What era of R&B music inspires you and what artist specifically?
“Neo-Soul. I used to love the whole late 90s and early 2000s, like Lauryn Hill, Anthony Hamilton, Maxwell as well as Musiq and John Legend himself.”
What do you think when you hear “R&B is dead”?
“[Laughs] I feel the lack of love in R&B music. I feel when people say that it’s because they feel that R&B isn’t the same anymore. Do you feel like R&B is dead?”
I don’t think it’s dead. The 90s is everyone’s favorite time, R&B was so diverse, you had Toni Braxton, New Jack Swing, Neo-Soul… you had so many sub-genres and they were all on the radio, Adult Contemporary stations, Pop Stations, Hip-Hop stations. I think you don’t get that now. It’s the same three or four R&B artist on the radio, those same artists are featured on the hooks of the most popular Hip-Hop artist’s songs. So don’t think it’s dead, I think the way it’s presented to the masses is dead, not the genre.
“I completely agree! You can go down in L.A. [and] go to these little coffee shops and you’re going to hear some people that have so much soul and write so much great music. I don’t feel like R&B is dead. I just feel like R&B is no longer highlighted like it was back in the 90s and back in the 2000s. I feel like Hip-Hop has really taken over to where R&B is more about ‘let’s have fun, go party.’ Too many people don’t want to hear anymore [about] the sensual, the passion, the more of good loving in a song.”
You can pick up your phone and you have apple radio, they have Hip-Hop & R&B clumped together. The R&B songs are always a turn-up song or featuring a rapper. As much as I love the turn-up, party music, sometimes I just want to hear a damn love song.
“You do and I feel like it has to do with my generation. To be honest, some of these kids are growing up with the three or four artists you hear on the radio and no one goes back to history like Earth, Wind & Fire. No one goes back to Marvin Gaye, or Donny Hathaway, you know, with how things really started, with what soul was. I think R&B has evolved so much on the radio. Everything is about the party and everything is about having it now. Good R&B music was about storytelling, it was about love, it was about innuendos, that’s what made R&B. People loved that. This generation doesn’t want to hear stories, they want to party and that’s cool, it’s nothing wrong with that, but I think we lost sight on what R&B is, we need R&B. I read something on Musiq Soulchild, where he said ‘No one is paying attention anymore,’ I think I heard he wanted to start rapping. Why? Why does it have to get to that point? Why is that we as a generation aren’t giving attention to great art?”
That was deep. As an artist do you feel the pressure to change your sound to have that crossover, mainstream appeal?

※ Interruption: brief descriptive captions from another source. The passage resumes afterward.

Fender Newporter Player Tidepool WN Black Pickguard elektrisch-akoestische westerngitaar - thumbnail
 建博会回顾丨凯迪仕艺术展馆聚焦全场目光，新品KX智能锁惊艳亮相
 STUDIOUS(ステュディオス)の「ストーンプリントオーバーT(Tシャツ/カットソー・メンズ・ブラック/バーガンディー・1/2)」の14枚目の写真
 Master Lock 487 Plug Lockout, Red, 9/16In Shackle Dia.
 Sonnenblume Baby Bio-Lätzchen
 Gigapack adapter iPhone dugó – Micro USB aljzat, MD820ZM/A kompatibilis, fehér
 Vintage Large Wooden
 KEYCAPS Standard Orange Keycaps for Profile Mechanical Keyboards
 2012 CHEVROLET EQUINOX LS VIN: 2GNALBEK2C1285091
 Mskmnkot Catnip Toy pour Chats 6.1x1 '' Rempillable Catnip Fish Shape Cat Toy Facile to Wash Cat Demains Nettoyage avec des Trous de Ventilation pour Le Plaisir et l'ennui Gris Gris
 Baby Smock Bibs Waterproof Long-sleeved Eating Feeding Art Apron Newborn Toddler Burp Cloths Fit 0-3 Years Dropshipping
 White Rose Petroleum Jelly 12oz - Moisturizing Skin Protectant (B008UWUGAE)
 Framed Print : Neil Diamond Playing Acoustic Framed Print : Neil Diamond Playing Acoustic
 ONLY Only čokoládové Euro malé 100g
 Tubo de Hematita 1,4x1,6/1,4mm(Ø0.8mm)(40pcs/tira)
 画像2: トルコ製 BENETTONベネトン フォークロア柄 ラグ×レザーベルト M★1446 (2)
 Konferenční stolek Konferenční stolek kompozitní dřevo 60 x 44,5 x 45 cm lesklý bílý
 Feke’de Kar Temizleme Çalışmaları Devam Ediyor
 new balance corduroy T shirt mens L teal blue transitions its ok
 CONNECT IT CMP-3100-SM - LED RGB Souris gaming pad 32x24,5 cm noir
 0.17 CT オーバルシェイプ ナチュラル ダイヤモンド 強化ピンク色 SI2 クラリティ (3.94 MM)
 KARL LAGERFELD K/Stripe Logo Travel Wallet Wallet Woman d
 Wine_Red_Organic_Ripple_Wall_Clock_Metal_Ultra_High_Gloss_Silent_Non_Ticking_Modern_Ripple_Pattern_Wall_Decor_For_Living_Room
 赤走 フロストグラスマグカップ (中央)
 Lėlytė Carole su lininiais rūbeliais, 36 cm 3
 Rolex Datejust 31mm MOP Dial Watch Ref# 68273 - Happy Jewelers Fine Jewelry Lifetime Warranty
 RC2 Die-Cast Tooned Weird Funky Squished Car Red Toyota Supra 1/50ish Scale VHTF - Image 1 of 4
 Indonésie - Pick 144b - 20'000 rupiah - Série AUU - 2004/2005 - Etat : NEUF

“Well, that’s something I’ve always wanted to do. I wanted to be a crossover artist from the beginning, so it wasn’t so much about me adapting to the times. Starting out I was very Neo-Soul and as I continued on with my craft, I started to develop more of a sound [for myself] and started to experiment with different things, but still making sure I keep the essence of soul in it. Do I feel like I have to change for the times? No, not necessarily.”
You’re really deep into soul music.
“I love it, honestly, I don’t know what it is. The way a person’s voice can touch you when you when you hear a person singing and telling you a story soulfully. R&B is just that essence of what really touches people in music.”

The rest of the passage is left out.